It was discovered in the late 1700s that diamonds are an allotrope of carbon, but diamonds were only synthesized in a laboratory environment more than 150 years after this finding. Artificial creation of diamonds was pursued by many scientists, however, it was not understood until the 1950s, when diamonds were created almost at the same time by American and Swedish researchers. The process required pressures as high as 55,000 atm and temperatures of over 1400°C.
Synthetic Diamonds to Find Newer Applications, says Gemological Institute of America
Over the last few decades, the soaring use of diamonds and advances in synthetic production has unleashed the floodgates for even newer applications of the commodity. A recent research publication by the Gemological Institute of America (GIA) has made projections for a substantially large number of high-pressure, high-temperature (HPHT) cultivated diamonds to be available in the market. These projections were based on a visit to a diamond factory in China.

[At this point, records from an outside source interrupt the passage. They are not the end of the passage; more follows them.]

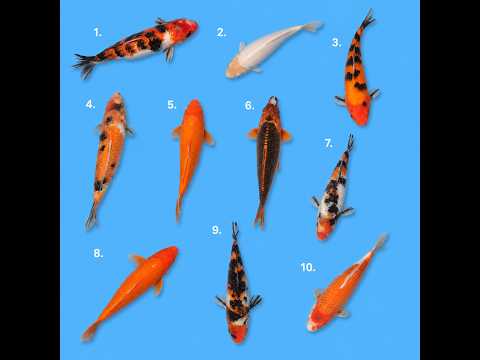 Video pregled koi ribe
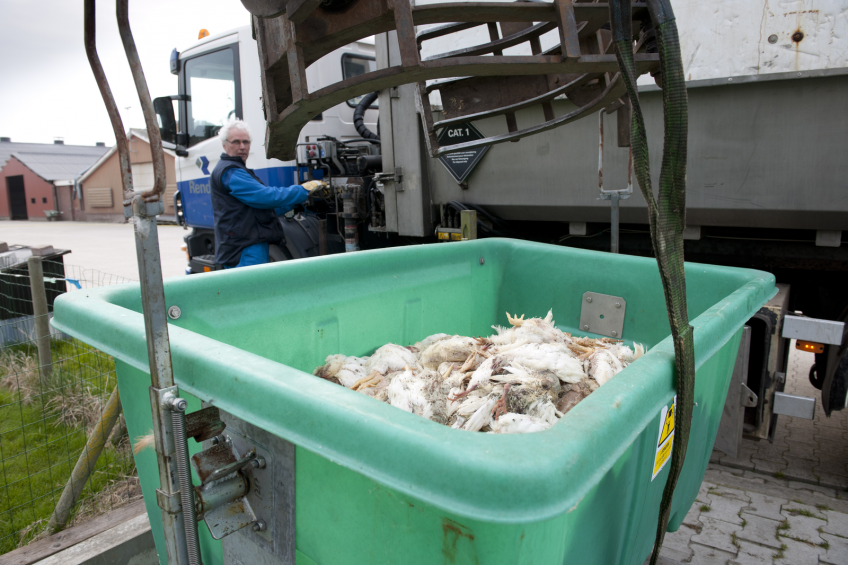 Mitigation of Salmonella associated with poultry carcasses is primarily accomplished by rendering or carcass composting.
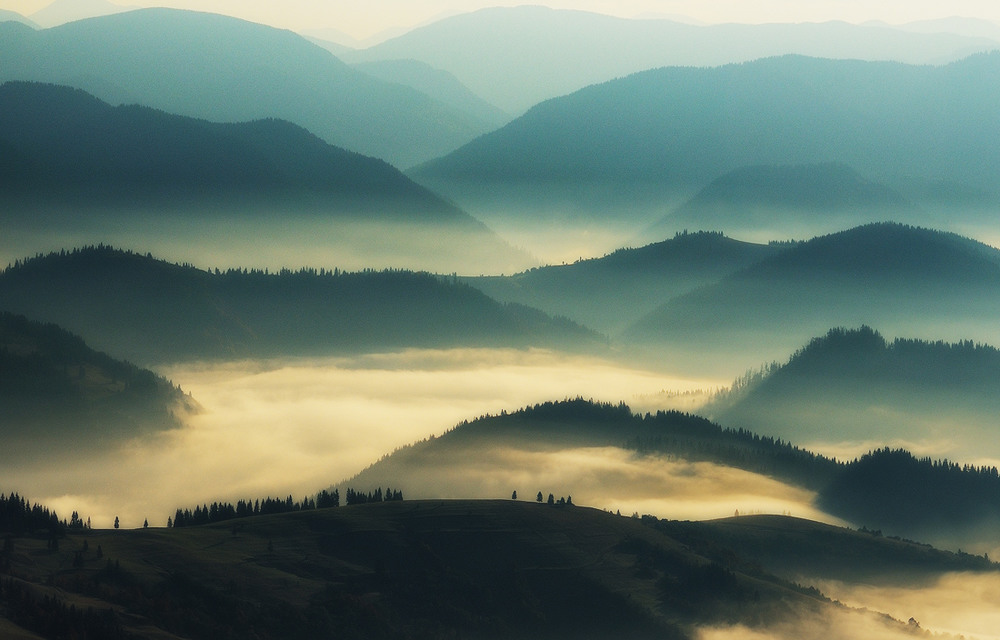 Фотографія туманні ріки / Сергій Нестерчук / photographers.ua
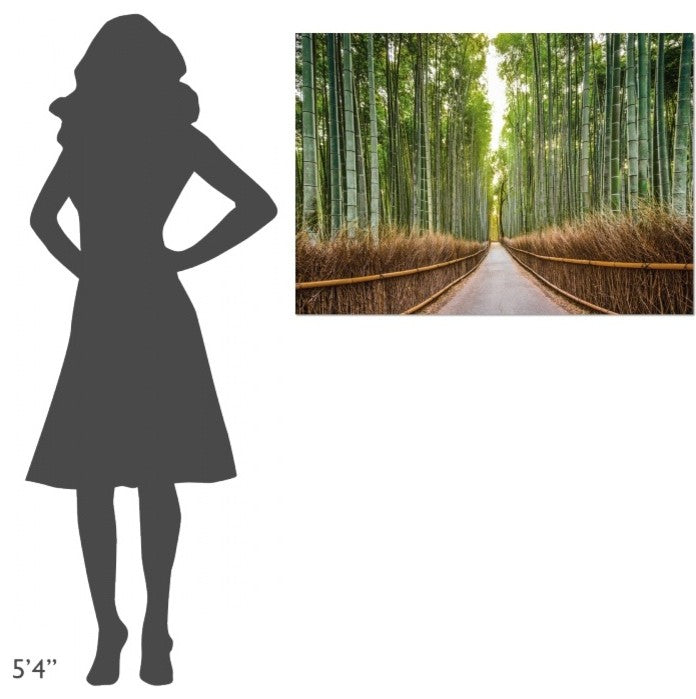 "Bamboo Forest, Kyoto, Japan" Stretched Canvas Giclee by Pangea Images, 40x28"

Following the visit, researchers from the GIA obtained 50 crystals in the range of 0.5 carats to 1.2 carats. These crystals were examined employing the same instrumentation and procedures as those applied to natural diamonds submitted to the organization for grading. These crystals exhibited typical features of HPHT growth and were asserted as synthetic. On the basis of this, the GIA reiterated that the increasing production capacity of synthetic diamonds is expected to be crucial in the coming years.
Favorable Physical, Chemical Properties of Synthetic Diamonds Benefit Market
The synthetic diamond market will display a significant compounded annual growth rate, says a market study published by Transparency Market Research. It is projected that the revenue of the market will rise from US$15.7 bn in 2014 to US$28.8 bn by 2023. The ever-increasing demand for synthetic diamonds in several end-use industries such as jewelry, electronics, construction and mining, and healthcare holds promise for the synthetic diamond market. Synthetic diamonds exhibit characteristics similar to natural diamonds, but with a significant cost advantage over their natural counterparts.
Polished synthetic diamonds held the majority of the revenue of the synthetic diamond market in 2014. However, rough diamonds led the market in terms of volume in the same year due to their widespread industrial applications. This is expected to continue in the near future. Stones are the most used product type of synthetic diamonds owing to their varied applications in several end-use industries. Other product segments such as synthetic diamond powder and grit are utilized in machine tools such as saws, impregnated bits, and grinding wheels. Diamond bort is largely used for polishing and in drill bits.
In 2014, Asia Pacific stood as the largest market for synthetic diamonds, accounting for a share of more than 50% in the global market; the large number of end-use applications of synthetic diamonds in the region is the reason for this. The rapid upsurge in mining activities in India, China, and ASEAN countries is driving the global synthetic diamond market.